Crawled caption data
▬▬▬▬▬▬▬▬▬▬
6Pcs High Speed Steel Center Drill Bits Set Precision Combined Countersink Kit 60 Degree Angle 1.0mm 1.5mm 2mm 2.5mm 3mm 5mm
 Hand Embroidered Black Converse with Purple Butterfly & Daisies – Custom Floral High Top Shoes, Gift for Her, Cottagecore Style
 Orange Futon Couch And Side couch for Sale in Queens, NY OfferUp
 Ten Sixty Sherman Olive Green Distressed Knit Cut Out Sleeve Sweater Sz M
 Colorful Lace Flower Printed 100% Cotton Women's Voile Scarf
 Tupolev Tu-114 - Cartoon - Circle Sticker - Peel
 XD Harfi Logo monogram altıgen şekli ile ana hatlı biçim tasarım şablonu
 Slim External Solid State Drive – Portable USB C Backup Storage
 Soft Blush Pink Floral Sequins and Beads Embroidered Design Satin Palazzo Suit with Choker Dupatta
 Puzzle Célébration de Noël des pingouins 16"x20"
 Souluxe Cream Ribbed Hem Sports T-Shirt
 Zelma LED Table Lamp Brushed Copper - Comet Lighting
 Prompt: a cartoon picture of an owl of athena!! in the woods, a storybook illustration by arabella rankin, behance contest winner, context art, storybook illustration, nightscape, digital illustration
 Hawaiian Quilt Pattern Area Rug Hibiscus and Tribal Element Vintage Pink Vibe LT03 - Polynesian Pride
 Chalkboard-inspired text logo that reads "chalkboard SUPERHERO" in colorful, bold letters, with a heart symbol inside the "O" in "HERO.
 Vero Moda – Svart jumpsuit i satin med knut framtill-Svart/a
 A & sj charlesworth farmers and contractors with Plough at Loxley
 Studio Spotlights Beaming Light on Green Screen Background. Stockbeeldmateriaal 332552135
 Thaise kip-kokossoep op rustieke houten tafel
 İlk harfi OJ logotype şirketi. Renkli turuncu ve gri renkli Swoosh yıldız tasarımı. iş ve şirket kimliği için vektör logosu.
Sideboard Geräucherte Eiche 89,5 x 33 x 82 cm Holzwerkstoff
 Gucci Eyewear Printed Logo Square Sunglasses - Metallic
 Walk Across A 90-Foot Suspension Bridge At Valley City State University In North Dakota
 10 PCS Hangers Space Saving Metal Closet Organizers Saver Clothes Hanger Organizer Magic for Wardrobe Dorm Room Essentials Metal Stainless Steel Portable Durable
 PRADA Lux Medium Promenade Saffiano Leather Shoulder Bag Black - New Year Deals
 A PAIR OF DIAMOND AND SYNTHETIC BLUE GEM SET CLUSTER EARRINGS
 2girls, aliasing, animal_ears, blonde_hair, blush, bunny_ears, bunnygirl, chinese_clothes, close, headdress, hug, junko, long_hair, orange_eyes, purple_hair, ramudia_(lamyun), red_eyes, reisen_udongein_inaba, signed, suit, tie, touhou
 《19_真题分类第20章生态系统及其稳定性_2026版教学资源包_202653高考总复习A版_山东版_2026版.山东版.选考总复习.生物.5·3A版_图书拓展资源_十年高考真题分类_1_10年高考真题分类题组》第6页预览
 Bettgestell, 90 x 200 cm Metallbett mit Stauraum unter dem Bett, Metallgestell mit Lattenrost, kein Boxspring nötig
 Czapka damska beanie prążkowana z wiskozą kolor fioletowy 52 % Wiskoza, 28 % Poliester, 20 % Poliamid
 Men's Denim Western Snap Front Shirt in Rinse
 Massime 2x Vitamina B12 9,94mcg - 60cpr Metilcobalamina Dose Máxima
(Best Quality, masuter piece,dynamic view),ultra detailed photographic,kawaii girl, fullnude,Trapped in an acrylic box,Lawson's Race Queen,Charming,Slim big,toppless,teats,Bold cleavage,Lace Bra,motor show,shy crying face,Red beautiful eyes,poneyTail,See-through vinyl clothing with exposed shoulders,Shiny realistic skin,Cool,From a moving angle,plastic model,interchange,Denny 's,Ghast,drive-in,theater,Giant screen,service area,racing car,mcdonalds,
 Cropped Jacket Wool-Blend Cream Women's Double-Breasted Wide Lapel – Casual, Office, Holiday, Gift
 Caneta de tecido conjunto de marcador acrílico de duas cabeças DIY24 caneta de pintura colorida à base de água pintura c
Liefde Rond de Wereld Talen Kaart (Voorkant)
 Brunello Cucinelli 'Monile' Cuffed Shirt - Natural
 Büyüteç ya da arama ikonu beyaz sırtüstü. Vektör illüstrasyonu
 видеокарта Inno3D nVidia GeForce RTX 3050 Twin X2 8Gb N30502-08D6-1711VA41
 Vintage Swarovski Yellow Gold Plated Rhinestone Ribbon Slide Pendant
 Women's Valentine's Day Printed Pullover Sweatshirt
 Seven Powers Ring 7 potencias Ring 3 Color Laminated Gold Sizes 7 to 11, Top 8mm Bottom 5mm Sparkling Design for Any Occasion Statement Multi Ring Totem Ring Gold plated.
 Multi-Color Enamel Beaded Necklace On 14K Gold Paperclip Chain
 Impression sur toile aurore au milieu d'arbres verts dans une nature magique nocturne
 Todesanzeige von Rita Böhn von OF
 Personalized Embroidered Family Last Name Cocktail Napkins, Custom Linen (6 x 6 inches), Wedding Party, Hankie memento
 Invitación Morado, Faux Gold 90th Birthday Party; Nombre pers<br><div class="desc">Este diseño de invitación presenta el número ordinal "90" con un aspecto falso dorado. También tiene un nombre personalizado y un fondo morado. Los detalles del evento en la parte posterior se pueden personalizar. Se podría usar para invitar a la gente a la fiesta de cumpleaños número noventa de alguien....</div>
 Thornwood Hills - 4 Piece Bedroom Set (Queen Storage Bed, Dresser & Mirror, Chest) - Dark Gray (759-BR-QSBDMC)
▬▬▬▬▬▬▬▬▬▬
Exercise instructions:
Of the entries above, repeat exactly the lines from the line with "Women's Valentine's Day" through the line with "Personalized Embroidered Family", both of them included.

Your solution:
 Women's Valentine's Day Printed Pullover Sweatshirt
 Seven Powers Ring 7 potencias Ring 3 Color Laminated Gold Sizes 7 to 11, Top 8mm Bottom 5mm Sparkling Design for Any Occasion Statement Multi Ring Totem Ring Gold plated.
 Multi-Color Enamel Beaded Necklace On 14K Gold Paperclip Chain
 Impression sur toile aurore au milieu d'arbres verts dans une nature magique nocturne
 Todesanzeige von Rita Böhn von OF
 Personalized Embroidered Family Last Name Cocktail Napkins, Custom Linen (6 x 6 inches), Wedding Party, Hankie memento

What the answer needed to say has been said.